Der Bäcker wurde rot.»Ich habe ihn nicht mehr da. Er ist – ich habe ihn bei Verwandten.«»Ach so. Na, dann geht es auch so. Sah die Brosche ähnlich aus wie die auf dem Bilde drüben?«

Der Bäcker nickte.»Nicht ganz so groß.«

»Schön. Dann werden wir sie so machen. Die Kette brauchen wir ohnehin nicht. Perlen sehen ja alle ähnlich aus.«Der Bäcker atmete auf.»Und wann ist das Bild fertig?«»In sechs Wochen.«»Gut.«Der Bäcker verabschiedete sich.

Ferdinand und ich saßen noch eine Weile allein im Atelier.

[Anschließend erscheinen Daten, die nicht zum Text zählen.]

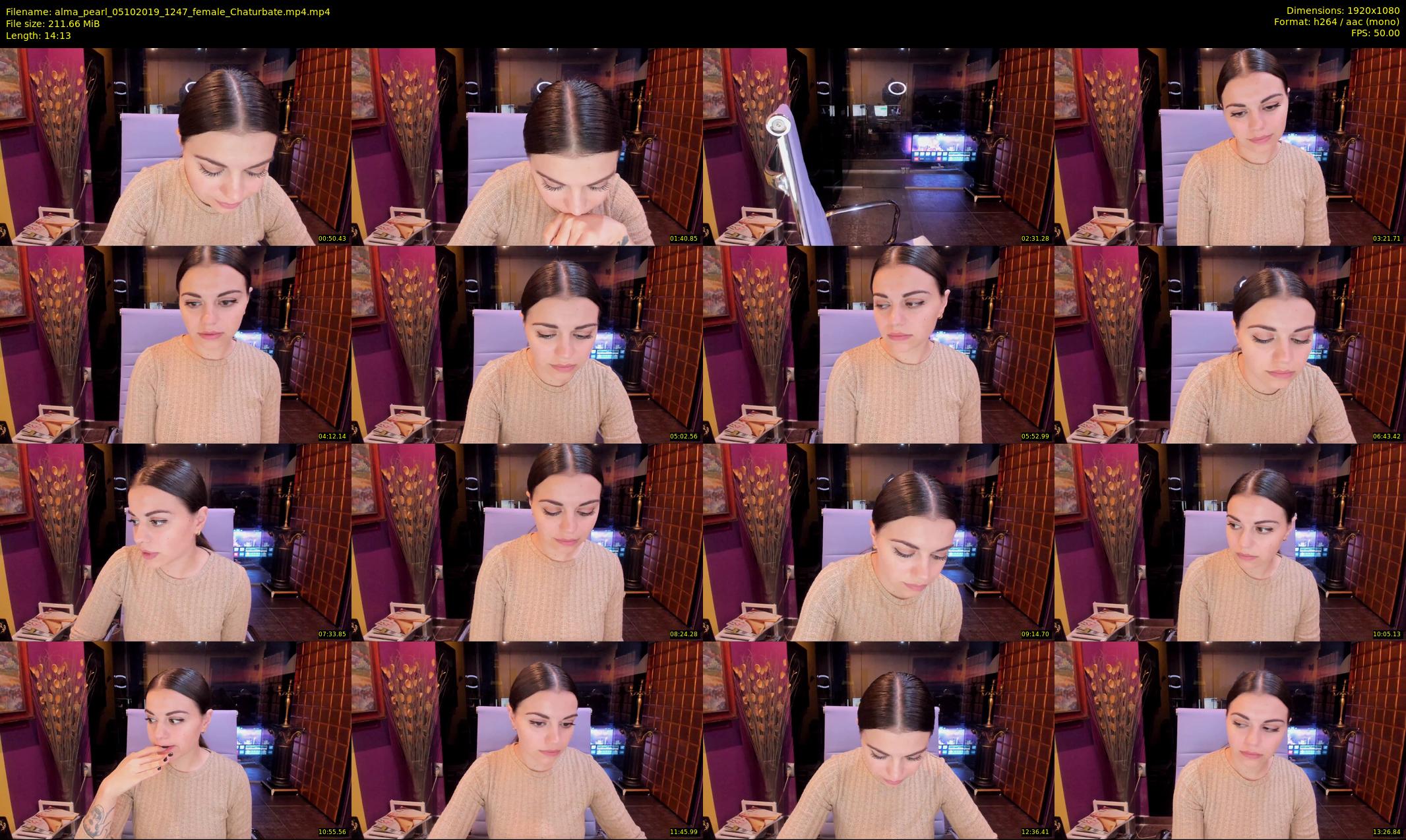alma_pearl — 15 minute Chaturbate female cam show recording, 1080p, Oct 5, 2019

»Sechs Wochen brauchst du dazu?«fragte ich.

»Ach wo. Vier, fünf Tage; das kann ich dem aber doch nicht sagen, sonst rechnet er aus, was ich pro Stunde verdiene, und fühlt sich betrogen. Bei sechs Wochen ist er zufrieden. Ebenso wie bei der Prinzessin Borghese. Das ist die menschliche Natur, lieber Robby. Würde ich ihm sagen, es sei ein Nähmädchen, so wäre ihm sein Bild weniger wert. Es ist übrigens das sechstemal, daß verstorbene Frauen den gleichen Schmuck gehabt haben wie drüben auf dem Bild. So spielt der Zufall. Ein fabelhaft anregendes Reklamestück, das Porträt der guten Luise Wolff.«

Ich sah mich um. Von den Wänden starrten aus unbeweglichen Gesichtern Augen herab, die längst im Grabe moderten. Es waren Bilder, die von den Angehörigen nicht abgenommen oder nicht bezahlt worden waren. Alles Menschen, die einmal gehofft und geatmet hatten.»Macht dich das hier nicht allmählich melancholisch, Ferdinand?«

Er zuckte die Achseln.»Nein, höchstens zynisch. Melancholisch wird man, wenn man über das Leben nachdenkt – zynisch, wenn man sieht, wie die meisten damit fertig werden.«

»Na, bei manchen geht's doch auch tiefer…«

»Gewiß. Aber die lassen keine Bilder malen.«

Er stand auf.»Ist auch ganz gut so, Robby, daß sie immer noch ihren wichtigen Kleinkram haben, der sie hält und schützt. Alleinsein – richtig Alleinsein, ohne jede Illusion -, das kommt kurz vor Wahnsinn und Selbstmord.«

Der große kahle Raum schwamm im halben Dämmerlicht. Nebenan hörte man leise Schritte hin und her gehen. Es war die Haushälterin. Sie ließ sich nie sehen, wenn einer von uns da war. Sie haßte uns, weil sie glaubte, wir hetzten Grau gegen sie auf.

Ich ging. Unten kam der Schwall und Lärm der Straße mir wie ein warmes Bad entgegen.